Doll Peasant Dress Pattern and Tutorial January 10, 2018 – Posted in: doll clothes, fat quarter, peasant dresses, sewing, tutorial
Peasant dresses are a really easy beginner sewing project. When I teach my daughters to sew doll clothes, this is our first lesson. I have to help with a few of the steps, but they can handle most of it.
After you learn how to make this basic dress, there are a lot of options to change it up for a totally different look. I also have tutorials for making peasant dresses in girls’ sizes. Matching girl/doll sets are always a pretty big hit!
These dresses have a lot of variations, and I hope to expand on this pattern in the future. For now, though, I am starting off simple with a basic, short sleeve peasant dress. I have picked up some tricks over the years to make sewing them a little faster and easier.
You will need:
- a fat quarter of fabric or 1/3 yard of fabric if bought from the bolt
- 8 1/2″ of 1/4″ wide elastic
- pins or wonder clips
- sewing machine and needles
- printed free pattern- available HERE
First, let’s prep the pattern. Print it out in actual size and cut it out. To fit the longer main dress piece on the page, I had to do it in two pieces. So, you will have to overlap the little bottom section and tape it together. It is off a little bit- about 1/8″ but I am not a professional and it is a free pattern so center it the best you can and don’t complain. OK?
If you want to be really efficient about it, fold it again, accordion style, and cut two of each pattern piece.
(If that was confusing, just ignore it and cut two pieces out individually!)
You will have four pieces total- a front, a back, and two sleeves.
One trick I learned through experience is that it is easier to hem the sleeves before sewing the dress together.
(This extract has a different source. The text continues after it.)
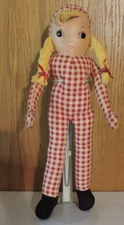 Vintage 1963 Stuffed Red Checked  18.5" Oil Cloth Doll-Painted Features-Yarn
Fold it under 1/4″ twice and sew 1/8″ from the edge. (My girls usually need help with this when they are first learning because it is such a small hem.)
Next, line up the curved edges of one sleeve and one dress piece as shown. Make sure to line up each set on the same side.
Sew the curves together with a 1/4″ seam allowance. (I also use a shorter stitch length to make those curves tighter.)
Then, sew the opposite side of each sleeve to the other side of the dress. This part used to confuse me, so I will show it at a couple of different angles.
Again, use a 1/4″ seam allowance. It is kind of like sewing everything together in a loop or a rectangle.
(Normally, I would nest the armpit seams so that one goes in each direction. It would lay flatter and be easier to sew. However, on this particular project, I like to face both of the seams towards the dress pieces, away from the sleeve hem. I just don’t want more bulk in that area. You can do whatever you like.)
Pin and sew along each side with a 1/4″ seam allowance.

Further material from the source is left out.